Set down exactly, from the records below, the line with "На Совете законодателей о доступности жилья" through the line with "Shimano 6800 Ultegra", and nothing else.

---- Available data

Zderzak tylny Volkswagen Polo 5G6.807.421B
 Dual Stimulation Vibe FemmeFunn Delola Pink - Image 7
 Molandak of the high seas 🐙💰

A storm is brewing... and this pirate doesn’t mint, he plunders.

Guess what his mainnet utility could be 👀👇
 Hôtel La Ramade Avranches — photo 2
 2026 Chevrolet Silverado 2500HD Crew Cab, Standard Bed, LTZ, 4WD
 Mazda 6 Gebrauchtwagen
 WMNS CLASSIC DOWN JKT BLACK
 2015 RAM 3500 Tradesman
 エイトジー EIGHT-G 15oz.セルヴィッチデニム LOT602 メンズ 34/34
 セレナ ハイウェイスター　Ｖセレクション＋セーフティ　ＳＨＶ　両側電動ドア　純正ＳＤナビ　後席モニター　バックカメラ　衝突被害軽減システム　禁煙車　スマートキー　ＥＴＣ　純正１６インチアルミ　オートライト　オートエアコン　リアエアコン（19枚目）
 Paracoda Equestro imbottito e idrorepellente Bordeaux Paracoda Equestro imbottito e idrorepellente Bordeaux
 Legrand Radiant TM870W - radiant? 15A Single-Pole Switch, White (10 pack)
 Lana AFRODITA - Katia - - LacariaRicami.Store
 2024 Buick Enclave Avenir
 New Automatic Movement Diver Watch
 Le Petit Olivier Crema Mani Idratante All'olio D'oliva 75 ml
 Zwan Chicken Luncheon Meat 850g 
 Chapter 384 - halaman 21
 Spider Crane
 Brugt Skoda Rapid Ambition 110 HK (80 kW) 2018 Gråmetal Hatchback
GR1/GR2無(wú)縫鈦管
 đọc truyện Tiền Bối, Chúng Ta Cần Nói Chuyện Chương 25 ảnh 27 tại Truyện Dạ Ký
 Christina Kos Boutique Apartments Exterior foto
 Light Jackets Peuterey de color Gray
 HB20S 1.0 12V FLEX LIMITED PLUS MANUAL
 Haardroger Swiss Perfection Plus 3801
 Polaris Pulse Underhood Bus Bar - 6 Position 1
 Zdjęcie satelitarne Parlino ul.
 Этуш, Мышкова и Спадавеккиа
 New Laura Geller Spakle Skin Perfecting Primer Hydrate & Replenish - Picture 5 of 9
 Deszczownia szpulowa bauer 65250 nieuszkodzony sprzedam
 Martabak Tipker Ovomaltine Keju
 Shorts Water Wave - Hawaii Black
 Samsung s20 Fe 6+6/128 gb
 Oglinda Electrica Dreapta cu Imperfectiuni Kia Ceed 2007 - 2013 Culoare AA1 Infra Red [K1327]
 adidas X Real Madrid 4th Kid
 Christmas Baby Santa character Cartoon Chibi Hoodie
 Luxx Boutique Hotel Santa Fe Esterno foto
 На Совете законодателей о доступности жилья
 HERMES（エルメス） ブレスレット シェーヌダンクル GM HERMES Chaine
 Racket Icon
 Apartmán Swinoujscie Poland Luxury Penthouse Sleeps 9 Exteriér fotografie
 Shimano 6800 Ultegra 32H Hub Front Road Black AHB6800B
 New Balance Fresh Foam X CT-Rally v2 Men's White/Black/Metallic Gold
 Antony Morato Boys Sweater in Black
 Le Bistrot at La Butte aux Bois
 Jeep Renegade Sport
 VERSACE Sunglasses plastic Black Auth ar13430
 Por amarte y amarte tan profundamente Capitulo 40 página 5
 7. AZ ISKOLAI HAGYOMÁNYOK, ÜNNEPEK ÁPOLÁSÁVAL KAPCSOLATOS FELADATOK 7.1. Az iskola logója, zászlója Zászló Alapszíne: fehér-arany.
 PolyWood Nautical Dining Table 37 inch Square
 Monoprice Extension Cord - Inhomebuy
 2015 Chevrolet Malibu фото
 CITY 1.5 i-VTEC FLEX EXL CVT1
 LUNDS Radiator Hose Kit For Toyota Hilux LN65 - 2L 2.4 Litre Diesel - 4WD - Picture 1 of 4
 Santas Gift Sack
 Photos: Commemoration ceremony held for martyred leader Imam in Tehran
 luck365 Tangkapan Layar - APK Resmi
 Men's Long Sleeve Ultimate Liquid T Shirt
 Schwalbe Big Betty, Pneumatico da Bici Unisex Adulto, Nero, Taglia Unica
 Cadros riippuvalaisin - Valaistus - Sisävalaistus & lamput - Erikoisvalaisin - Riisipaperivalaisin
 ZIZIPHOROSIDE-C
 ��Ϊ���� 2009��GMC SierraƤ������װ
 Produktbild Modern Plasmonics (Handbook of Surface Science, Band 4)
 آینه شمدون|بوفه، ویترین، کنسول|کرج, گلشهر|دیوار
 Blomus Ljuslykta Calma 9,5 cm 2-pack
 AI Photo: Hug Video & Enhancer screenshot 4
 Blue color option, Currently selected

--------

Output of the task:
 На Совете законодателей о доступности жилья
 HERMES（エルメス） ブレスレット シェーヌダンクル GM HERMES Chaine
 Racket Icon
 Apartmán Swinoujscie Poland Luxury Penthouse Sleeps 9 Exteriér fotografie
 Shimano 6800 Ultegra 32H Hub Front Road Black AHB6800B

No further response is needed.